Elijah generally dismounts when he sees a hill in his near future. So when he was being—ahem—gently reminded to pedal harder, he decided that he was in desperate need of a drink of water—even though just moments ago I couldn’t force two sips into him. Additionally, it did not seem possible to get started on a hill in this situation.

“I know that this is a nasty hill, but we will get a drink once we are at the top,” I told him. In the bottom of my heart I, too, wanted to avoid that hill, but now daddy was a full block ahead of us, and pulling away. That’s when I realized that pulling a 23-pound baby strapped down into a 25-pound trailer seemed like cake. I was hauling a wiggling, 55-pound child on a 23-pound unicycle.

We climbed Patton Mountain before going home. Had I had enough breath to shout into the distance, I would have insisted we go through the tunnel, rather than climb over Beaucatcher Mountain. But, no. We charged at College Street as it loomed above us like the back loop of a roller coaster. “There’s a MONSTER chasing you!!!!! PEDALLLL!!!” I screamed into the wind.

The bike lurched from side to side as he stood in the pedals, and I pushed at my own pedals with absolutely every pound of my body, but the poor little crank arms would not turn. The bike tipped to the side in such slow motion we easily stepped onto the ground.
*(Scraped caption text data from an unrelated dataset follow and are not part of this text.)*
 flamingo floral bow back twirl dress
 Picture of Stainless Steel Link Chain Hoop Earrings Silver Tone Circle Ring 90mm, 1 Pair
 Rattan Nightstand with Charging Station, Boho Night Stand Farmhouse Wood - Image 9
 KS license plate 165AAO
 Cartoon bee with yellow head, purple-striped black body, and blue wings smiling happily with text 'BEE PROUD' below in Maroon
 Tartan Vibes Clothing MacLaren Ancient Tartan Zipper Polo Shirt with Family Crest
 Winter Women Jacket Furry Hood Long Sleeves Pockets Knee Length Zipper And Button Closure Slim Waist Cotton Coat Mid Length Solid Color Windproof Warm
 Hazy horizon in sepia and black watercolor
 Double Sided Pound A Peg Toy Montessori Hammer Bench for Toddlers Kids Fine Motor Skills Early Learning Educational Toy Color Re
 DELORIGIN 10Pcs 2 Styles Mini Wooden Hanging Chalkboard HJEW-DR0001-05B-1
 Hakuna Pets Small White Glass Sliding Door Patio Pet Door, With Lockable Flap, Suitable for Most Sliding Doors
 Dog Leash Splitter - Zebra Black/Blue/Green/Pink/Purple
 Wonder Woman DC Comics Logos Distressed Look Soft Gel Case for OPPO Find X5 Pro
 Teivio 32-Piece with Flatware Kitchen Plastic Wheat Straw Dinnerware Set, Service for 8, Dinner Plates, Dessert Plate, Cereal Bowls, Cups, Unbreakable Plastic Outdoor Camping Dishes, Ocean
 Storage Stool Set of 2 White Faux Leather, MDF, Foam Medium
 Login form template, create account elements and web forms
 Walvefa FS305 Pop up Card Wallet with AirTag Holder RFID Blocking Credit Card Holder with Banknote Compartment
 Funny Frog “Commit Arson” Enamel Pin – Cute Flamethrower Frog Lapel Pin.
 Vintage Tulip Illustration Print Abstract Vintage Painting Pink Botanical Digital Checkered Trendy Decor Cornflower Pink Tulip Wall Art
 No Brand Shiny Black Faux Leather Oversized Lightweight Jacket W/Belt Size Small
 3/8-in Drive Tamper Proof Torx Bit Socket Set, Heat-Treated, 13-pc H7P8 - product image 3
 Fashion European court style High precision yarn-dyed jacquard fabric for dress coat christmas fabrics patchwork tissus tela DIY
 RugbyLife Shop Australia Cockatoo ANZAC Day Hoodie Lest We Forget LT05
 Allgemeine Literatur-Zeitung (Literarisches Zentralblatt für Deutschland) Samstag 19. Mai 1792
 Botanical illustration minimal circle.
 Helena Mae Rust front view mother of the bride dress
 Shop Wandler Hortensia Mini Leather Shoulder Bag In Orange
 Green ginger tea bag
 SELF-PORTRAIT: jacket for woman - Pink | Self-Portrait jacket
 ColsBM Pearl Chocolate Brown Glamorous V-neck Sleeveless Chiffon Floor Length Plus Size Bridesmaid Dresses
“Oh, dang, we’re gonna have to push,” I gasped.

My heart thumped furiously against my bike jersey as I struggled to keep my Jell-o legs from buckling beneath me while pushing the giant mass of aluminum and steel. That’s when I saw the most incredible sight: Elijah was BOUNDING past me up the hill. He wasn’t even out of breath. His legs were fresh. After a two-hour ride!

I was incredulous. Then I was mad.

“You better run until you see your daddy!” I told him. “And then you’re gonna run right back here!” You will run up and down this hill until your tiny little heart starts to thump inside your tiny little chest!”

He found this funny.

It was when I finally got his dad to pull the trail-a-bike that I was able to witness the atrocities occurring behind the rider’s back. At one point Elijah’s feet were not even on the pedals. When having to pedal through a muddy and snowy section of grass, he stopped pedaling and leaned out as far as he could to see what was coming next. The fastest I saw him pedal was downhill, when Ben needed him to be as still as possible. Then, his legs ripped around like lightning as he wagged his portion of bike like the tail of a delighted dog.

Kids really do make you stronger.

Ten Tips for riding the Trail-a-bike:

Do not allow the child to stand in the pedals unless s/he is being asked to do so.

Strap the child’s feet to the pedals and make it a fixed gear.

Practice first by riding your bike through sand with a small goat tied to your seat post.

Wear helmets.

When approaching a steep climb, tell the child there is a monster chasing him.

Feed him twinkies and burgers so that he will soon exceed the 85-pound trail-a-bike limit.

Put blinders on him so that he will not be fascinated with bypassing scenery.

Strap jelly beans to your backside

Buy him a pre-ride cappuccino.

Have him wear bike shorts with a chamois. His butt will hurt from sitting there so long without pedaling.